Blackwell's First Baptist Church welcomes new pastor

by Jordan Green

Cody Biby didn’t always want to be a pastor. But his life changed forever when he gave himself over to God, he said.

Biby is the new pastor of the First Baptist Church of Blackwell, and he said he hopes to make his church active in the community by sharing the word of the Lord with others.

Biby grew up in the nearby Grant County communities of Wakita and Nash. He graduated from Northwestern Oklahoma State University with a bachelor’s degree in psychology. He later worked toward a dual master’s degree in marriage and family counseling and religious education from Southwestern Baptist Theological Seminary in Fort Worth, Texas.

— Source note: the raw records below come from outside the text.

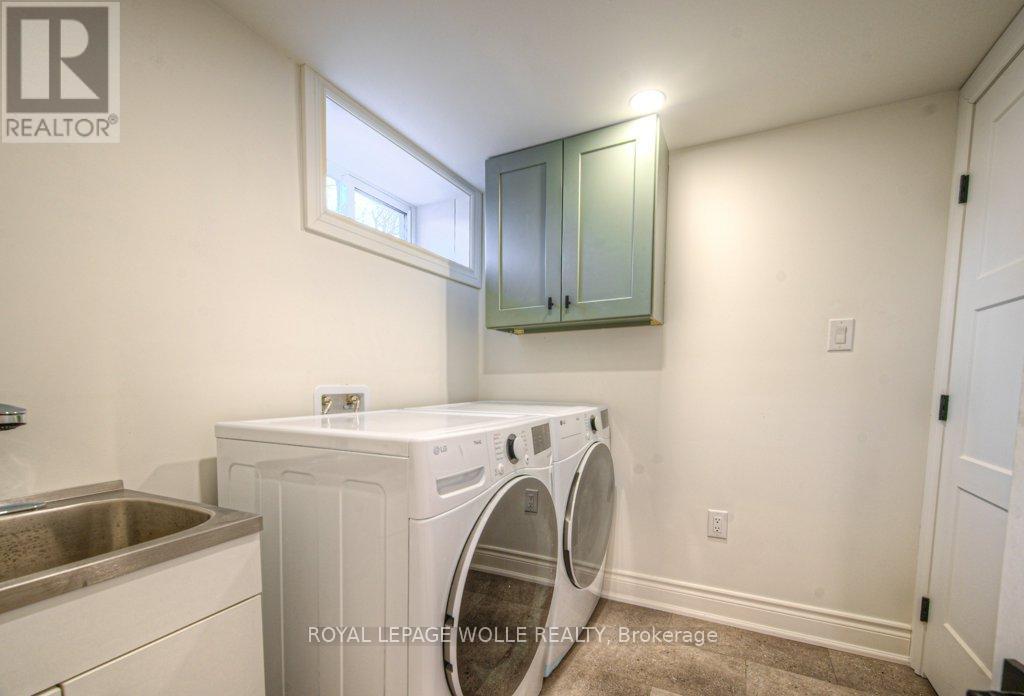 












30 DUNBAR ROAD S

,
Waterloo,




Ontario
N2L2E3


After completing seminary, Biby and his wife, Melissa, ministered to students attending college in Colorado at universities in Pueblo and Alamosa.

They spent 11 years working with college worshippers before the Biby family felt called to come home to northern Oklahoma. The couple has two teenage children – Malachi, age 16, and Rylee, age 14. They also have Benaiah, who is now 17 months old.

“It was a surprise,” Biby said about the birth of his youngest child. “My wife, she just really felt like she was wishing we could come back here. I was just wanting to follow the Lord’s will, and then He opened the door here.”

The family moved to Blackwell amid the coronavirus pandemic, though doing so took time. They came to Blackwell in mid-March, when Biby delivered his first sermon at the church he would later call his own.

“We just had to wait on the Lord for everything to clear up and for us to come again, and it was pretty amazing,” he said. “We just felt like the Lord was leading us here. It’s been a blessing.”


Before Biby became a pastor, he wanted to be a licensed counselor. For a while, he worked as a case manager for mentally ill people in Fort Worth, a career that – at times – was dangerous.

“I got a gun pulled on me, I got a knife pulled on me, and I thought, someday, I wasn’t going to come home to my new little babies,” he said. “I thought, ‘I’m not going to come home some night.’ But I’ve always had a heart for that, for the most broken people.”

Eventually, Biby knew he needed to make a change in his life.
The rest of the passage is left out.